Flankiert werden diese Expansionsschritte durch Nachhaltigkeitsbemühungen: Das Unternehmen unterzeichnete sechs neue Stromabnahmeverträge, um Standorte in Spanien, Griechenland, Südafrika und Indien jährlich mit rund 0,63 Terawattstunden grünem Strom zu versorgen.

Analystenreaktionen und Kapitalmaßnahmen

In den vergangenen Tagen äußerten sich zahlreiche Analysehäuser zur weiteren Entwicklung. Die Analysten von Berenberg bekräftigten am vergangenen Mittwoch ihre Kaufempfehlung für die Aktie. Auch die UBS zeigte sich zuversichtlich und setzte am vergangenen Montag ein Kursziel von 612,00 US-Dollar fest.

Während Häuser wie Citigroup und die Royal Bank of Canada ihre Kursziele leicht nach unten korrigierten, werteten Experten der Bernstein SocGen Group den jüngsten Kursrückgang nach den Quartalszahlen ausdrücklich als Einstiegschance.

Die Aktie notiert aktuell bei 423,20 € und weist seit Jahresbeginn ein Plus von 16,91 % auf. Damit liegt der Wert derzeit 11,80 % unter seinem 52-Wochen-Hoch, das Anfang Juli erreicht worden war.

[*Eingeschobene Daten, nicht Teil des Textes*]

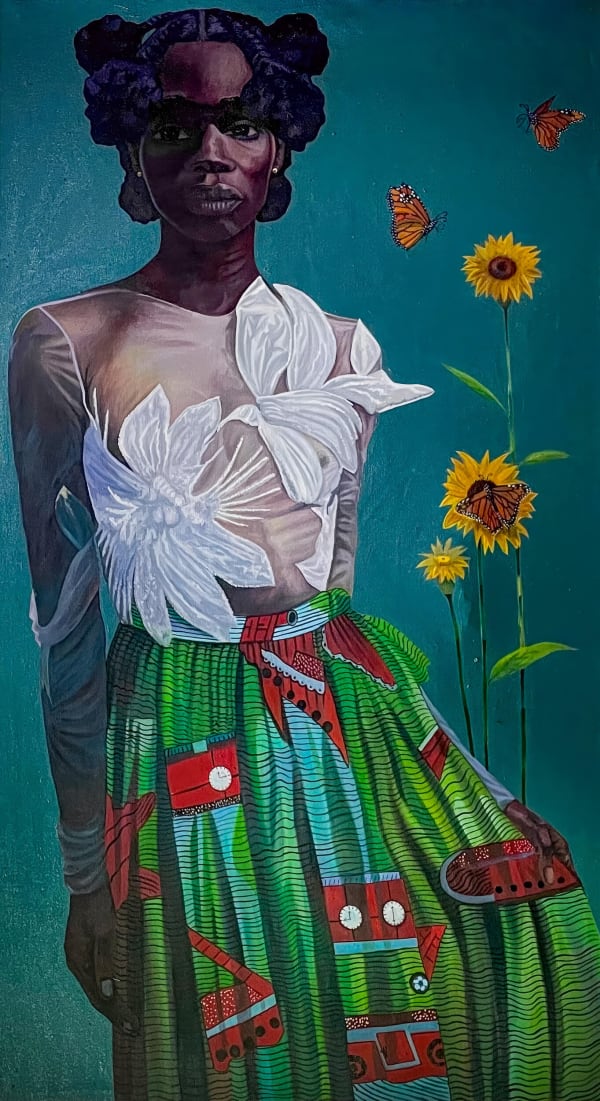 Moses Zibor - Me and my Butterfly I - 2023 - 200cm H x 120cm W - Oil on canvas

Für Anleger bleibt zudem die Dividendenpolitik des Konzerns von Bedeutung. Das Board of Directors hat für das dritte Quartal eine Dividende von 1,60 US-Dollar je Aktie beschlossen. Diese soll am 17. September ausgezahlt werden, wobei der Ex-Dividende-Tag auf den 3. September fällt.

Während NewEdge Advisors ihre Beteiligung laut jüngsten Meldungen vom vergangenen Freitag aufstockten, gab es auf der Verkäuferseite Bewegung: Lead Independent Director Robert Wood veräußerte am vergangenen Donnerstag Anteile im Wert von rund 2,6 Millionen US-Dollar. Insgesamt beliefen sich die Insider-Verkäufe im abgelaufenen Quartal auf 4,6 Millionen US-Dollar.